Kenosis's static INT8 pipeline applies seven coordinated optimizations:

1. **Self-calibration** — Automatically generates synthetic calibration inputs and runs them through the model via ONNX Runtime to collect per-tensor activation ranges. No external calibration data required. Multi-input models and NLP inputs (token IDs, attention masks) are handled automatically.

2. **Weight quantization** — INT8 symmetric per-tensor or per-channel. All scale computations in f64 to match ORT's internal precision.

3. **INT32 bias quantization** — `scale = activation_scale × weight_scale`, zero_point = 0. Wrapped with DequantizeLinear for ORT kernel fusion.

4. **Zero-point nudged activation quantization** — UINT8 asymmetric with post-hoc range adjustment ensuring `float 0.0` maps exactly to the quantized zero. Prevents rounding asymmetry from compounding across layers.

5. **Fusion-aware QDQ placement** — ORT's Python quantizer places QDQ nodes on every Conv/MatMul output independently. Kenosis detects `Conv/MatMul → Activation` pairs (ReLU, LeakyRelu, Clip, HardSwish, Sigmoid) at graph level and places QDQ *after* the activation instead. This gives ORT's runtime optimizer a cleaner pattern that fuses into a single INT8 kernel. Combined with second-pass wrapping of Add, Concat, MaxPool, and AveragePool, this maximizes QLinear fusions.

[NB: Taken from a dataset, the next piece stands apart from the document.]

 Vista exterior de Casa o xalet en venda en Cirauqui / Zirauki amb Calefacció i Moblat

6. **Non-vision tensor protection** — For multi-input models (detection, segmentation), tensors reachable from non-primary inputs (scale_factor, image_shape) are traced through the graph and excluded from quantization. This prevents metadata paths from being crushed by INT8 range limits.

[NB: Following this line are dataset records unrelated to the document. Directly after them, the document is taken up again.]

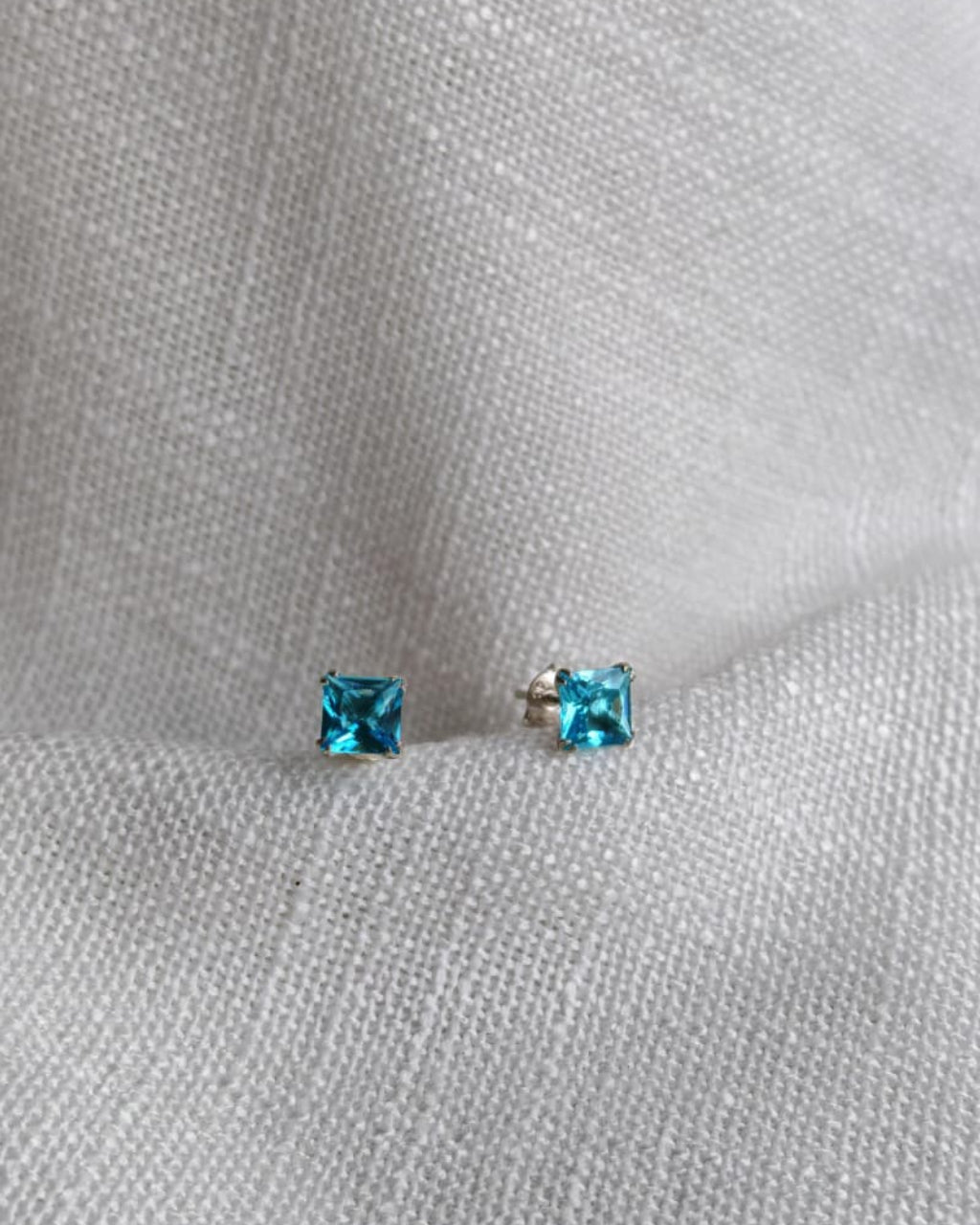 Aretes de zirconia celeste (02175)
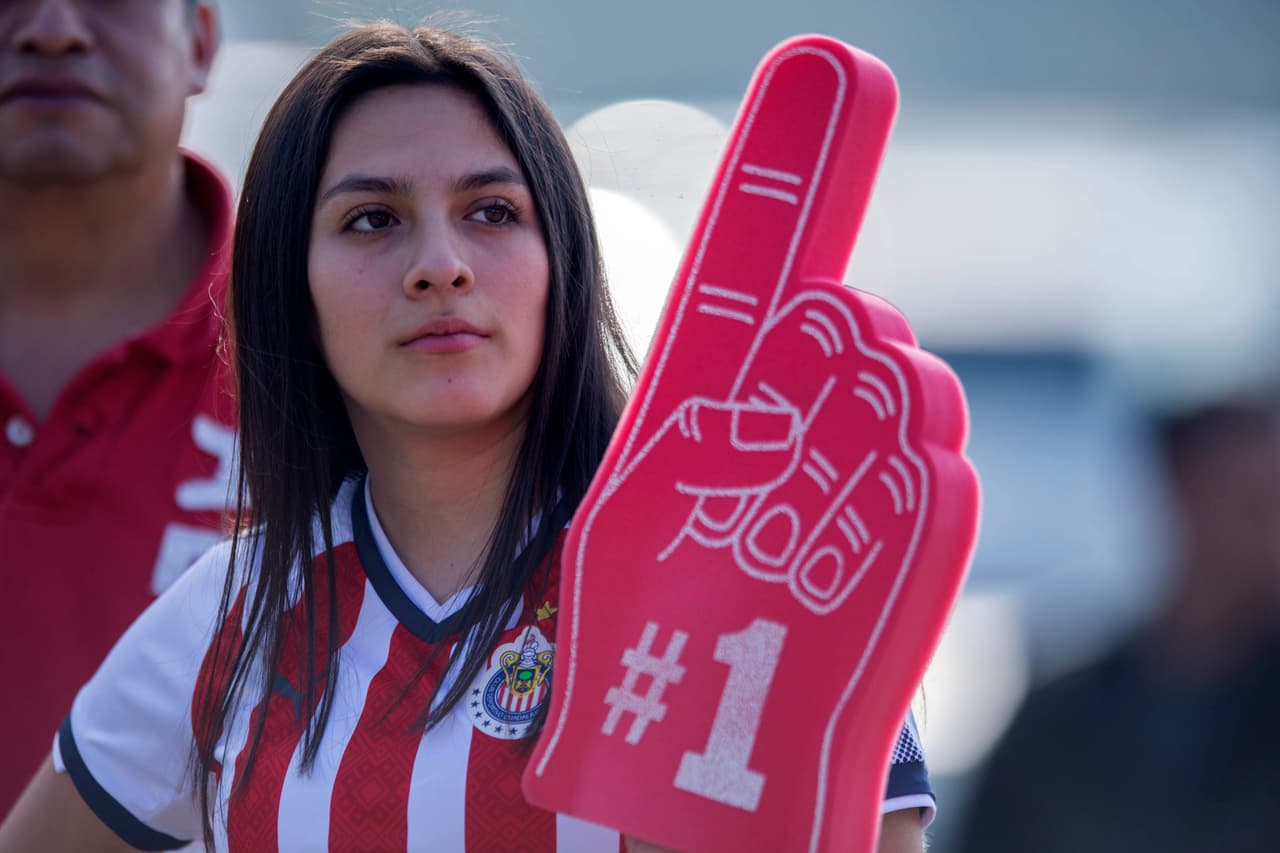 El Clásico Nacional entre las Chivas de Guadalajara y las Águilas del América en el Clausura 2018 de la Liga MX da muestras del colorido, respeto y buen ambiente entre dos rivales tradicionales en el fútbol mexicano.
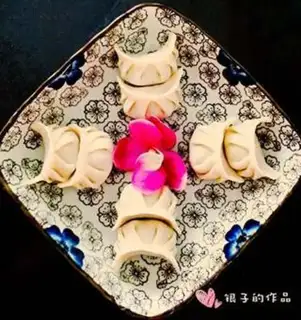 Make Sphinx pork dumplings step 7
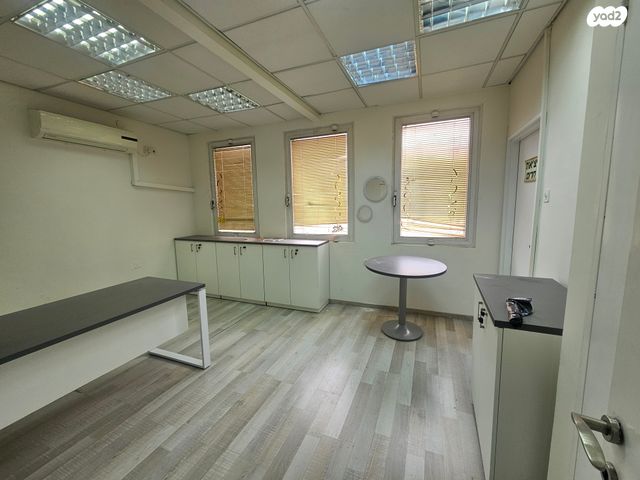 משרדים, חסן שוקרי, הדר מרכז, חיפה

7. **Model output protection** — Tensors that are direct model outputs are never QDQ-wrapped, preserving full FP32 precision in detection head scores and bounding box coordinates.


## Detection Model Support

Kenosis handles the specific challenges of quantizing object detection models:

- **Multi-input calibration** — Auto-generates appropriate default values for secondary inputs (scale_factor → 1.0, shape tensors → 0.0)
- **PaddlePaddle weight handling** — Extracts inline Constant nodes, deduplicates shared weights (deepcopy tensors), and upgrades opset attributes (Squeeze, Unsqueeze, BatchNorm, Dropout)
- **Mixed-precision detection head** — Backbone and neck are fully INT8; detection head outputs and metadata paths stay FP32
- **Scale factor preservation** — The bounding box rescaling path remains live and dynamic, not frozen to calibration values


## Architecture

```
kenosis/
├── crates/
│   └── kenosis-core/           # Library: quantization engine
│       └── src/
│           ├── model.rs        # OnnxModel load/save/traversal + Constant extraction
│           ├── static_int8.rs  # Static INT8 QDQ quantization pipeline
│           ├── inspect.rs      # Stats and analysis
│           ├── cast.rs         # FP16/BF16 casting
│           ├── diff.rs         # Model comparison
│           ├── proto.rs        # ONNX protobuf type definitions
│           └── error.rs        # Error types
├── apps/
│   └── kenosis-cli/            # Binary: CLI interface
│       └── src/commands/
│           ├── quantize.rs     # quantize command (static INT8)
│           ├── validate.rs     # validate command (accuracy + latency)
│           ├── inspect.rs      # inspect command
│           ├── cast.rs         # cast command
│           └── diff.rs         # diff command
```

## License

Apache-2.0 — see [LICENSE](LICENSE).